Money’s tight, the checking account is grazing bottom at the end of the month – and the roof leaks.

The temptation – sometimes the necessity – is to postpone the roof repair until times are better. Meanwhile, the leak gets worse and, if your luck is really lousy, eventually a section simply collapses.

That’s been state government’s situation for years, intensified by the Great Recession.

Gov. Pat McCrory wryly called attention to the problem recently by noting an electrical fire in a downtown Raleigh state office building. No one was hurt, and the fire – caused by overheated equipment – was quickly put out.

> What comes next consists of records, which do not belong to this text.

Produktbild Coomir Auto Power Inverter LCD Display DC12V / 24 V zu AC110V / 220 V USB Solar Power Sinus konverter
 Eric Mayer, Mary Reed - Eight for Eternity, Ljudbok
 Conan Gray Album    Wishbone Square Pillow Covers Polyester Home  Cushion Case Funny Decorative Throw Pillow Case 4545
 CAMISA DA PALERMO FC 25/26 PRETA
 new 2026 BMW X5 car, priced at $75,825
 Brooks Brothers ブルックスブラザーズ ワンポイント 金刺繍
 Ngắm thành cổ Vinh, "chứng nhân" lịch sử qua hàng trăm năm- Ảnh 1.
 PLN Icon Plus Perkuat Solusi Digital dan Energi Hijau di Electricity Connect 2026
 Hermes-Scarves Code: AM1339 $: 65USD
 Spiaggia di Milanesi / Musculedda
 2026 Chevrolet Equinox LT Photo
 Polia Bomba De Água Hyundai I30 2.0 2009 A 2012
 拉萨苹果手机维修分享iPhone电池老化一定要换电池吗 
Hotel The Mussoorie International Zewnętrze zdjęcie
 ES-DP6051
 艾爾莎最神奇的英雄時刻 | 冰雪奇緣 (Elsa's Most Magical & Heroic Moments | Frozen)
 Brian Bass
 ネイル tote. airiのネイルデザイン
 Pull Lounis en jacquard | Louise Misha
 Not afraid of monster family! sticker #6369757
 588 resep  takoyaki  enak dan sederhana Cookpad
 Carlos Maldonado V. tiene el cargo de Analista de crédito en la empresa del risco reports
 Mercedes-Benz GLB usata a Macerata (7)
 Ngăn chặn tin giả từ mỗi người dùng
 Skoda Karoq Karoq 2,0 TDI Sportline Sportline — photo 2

“We’ve got to put out some short-term fires,” the Associated Press quoted McCrory as saying. “I didn’t mean it literally.”

With maintenance budgets sapped by years of underfunding, many state offices reek of neglect. “You walk into some of our buildings and literally the smell of mold throws you back,” Aldona Wos, secretary of the Department of Health and Human services, told the AP.

The Department of Administration says the backlogged maintenance bill is more than $5 billion. That’s equal to about one-fourth of the state’s annual operating budget. And with just $70 million allocated for maintenance since the recession deepened in mid-2009, the tab is only growing larger by the year.

McCrory says attacking that backlog should be a priority, and he’s right. Maintenance deferred is, at best, maintenance made more expensive. And government efficiency, not to mention the health and safety of workers, suffers.

“Before we build any new buildings, we’ve got to take care of some of the existing buildings and make sure, first, they’re safe for employees and make sure we have sufficient security in pace for information systems,” McCrory said.

With a majority in the legislature loathe to increase revenue, the solution will not be easy. Despite legislative reluctance, a bond issue to help climb the maintenance mountain with borrowed money may be the most prudent approach.
Durham a few years ago concluded it had to borrow money to finally catch up on its shamefully paltry street-maintenance program, and our streets are vastly improved because of it. Officials vowed once that was done not to skimp on annual allotments to keep streets properly paved.

That’s a model from which state government could well take a lesson.